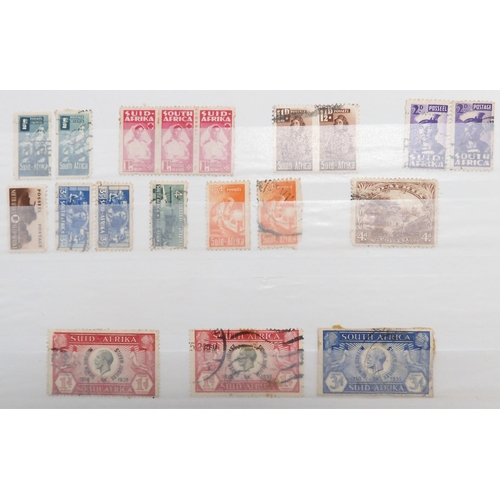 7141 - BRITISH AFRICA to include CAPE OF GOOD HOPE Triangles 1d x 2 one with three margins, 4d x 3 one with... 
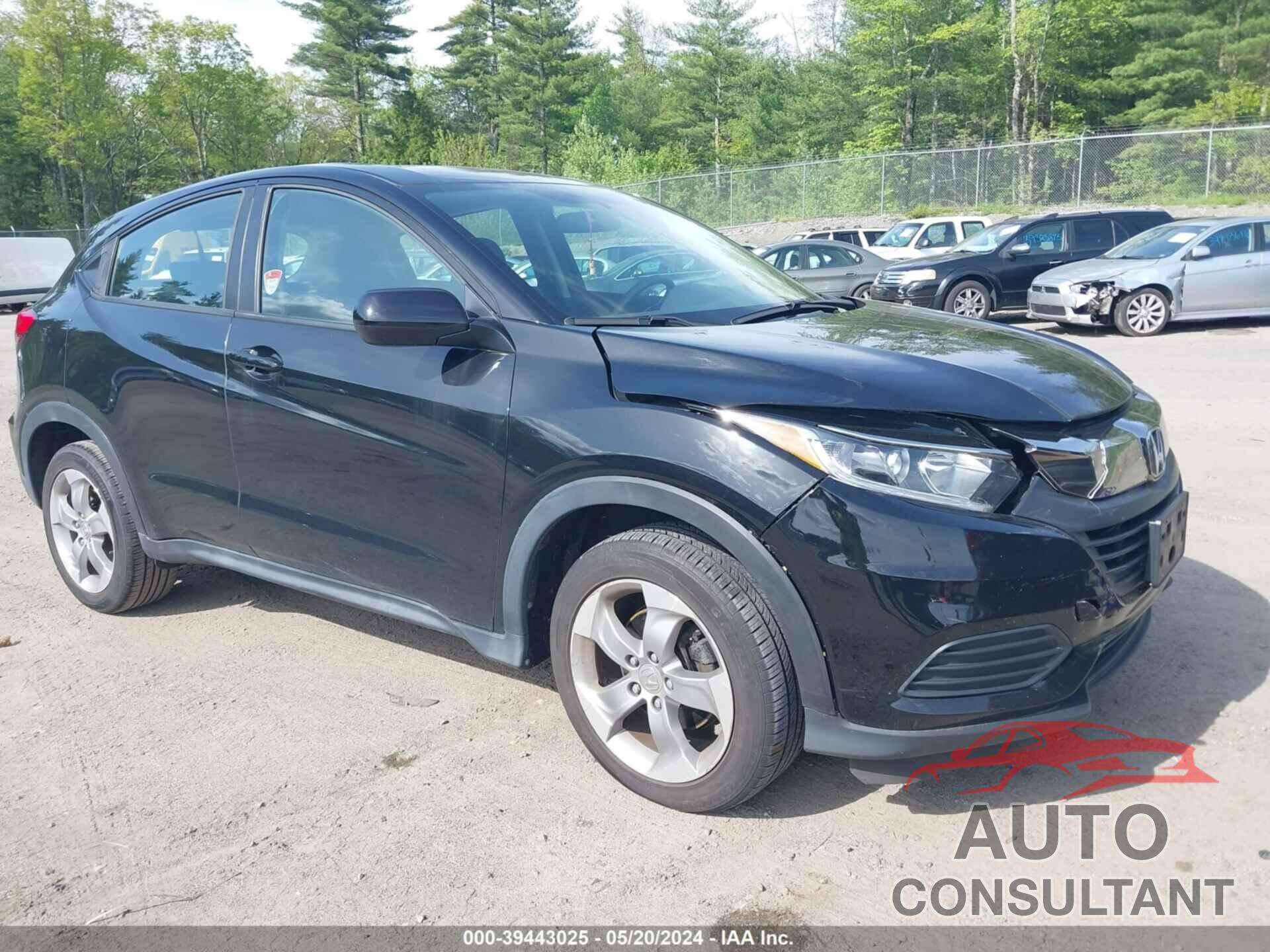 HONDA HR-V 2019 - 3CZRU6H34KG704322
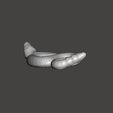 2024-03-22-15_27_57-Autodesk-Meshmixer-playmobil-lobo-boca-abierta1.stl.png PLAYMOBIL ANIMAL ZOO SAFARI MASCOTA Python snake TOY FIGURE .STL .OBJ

================

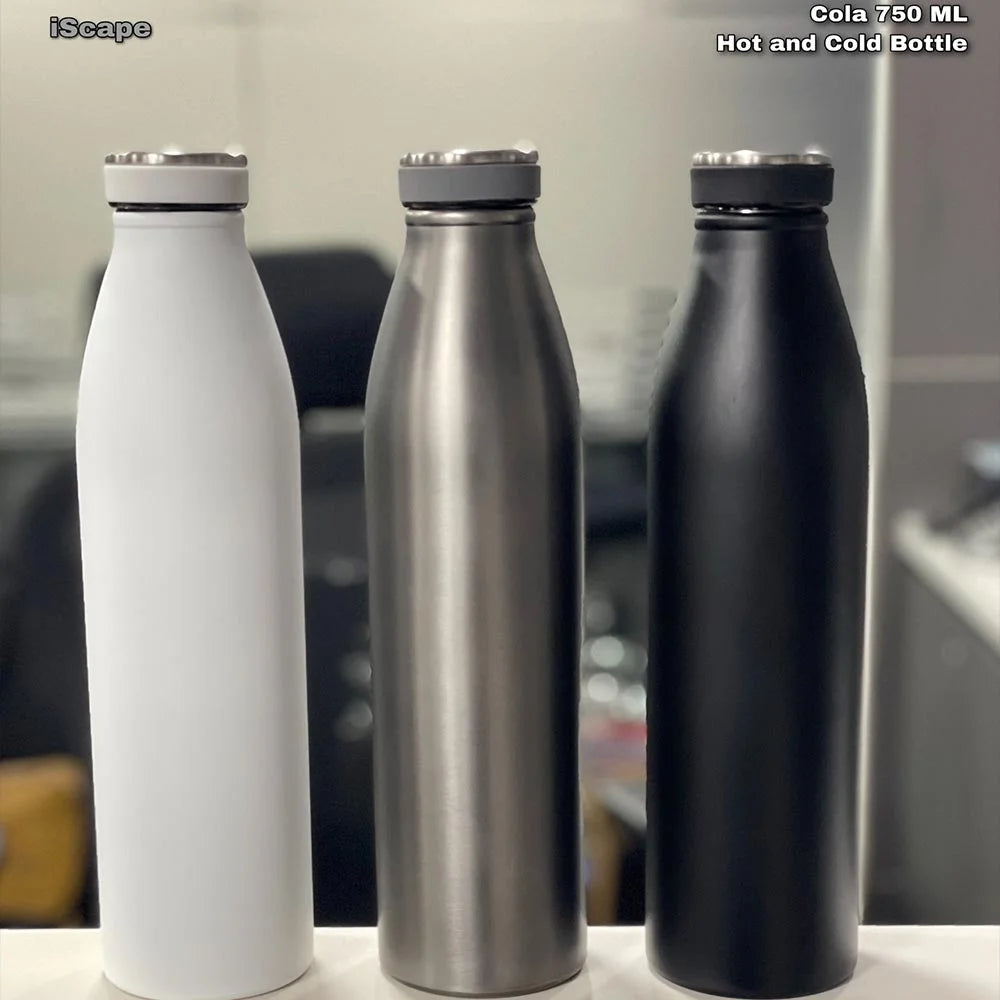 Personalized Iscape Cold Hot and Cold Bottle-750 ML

================

Work item
Could you output exactly the lines above, from the line with "7141 - BRITISH" up to and including the line with "FIGURE .STL .OBJ", and nothing else, skipping the pictures?

Expected output
 7141 - BRITISH AFRICA to include CAPE OF GOOD HOPE Triangles 1d x 2 one with three margins, 4d x 3 one with... 
 HONDA HR-V 2019 - 3CZRU6H34KG704322
 2024-03-22-15_27_57-Autodesk-Meshmixer-playmobil-lobo-boca-abierta1.stl.png PLAYMOBIL ANIMAL ZOO SAFARI MASCOTA Python snake TOY FIGURE .STL .OBJ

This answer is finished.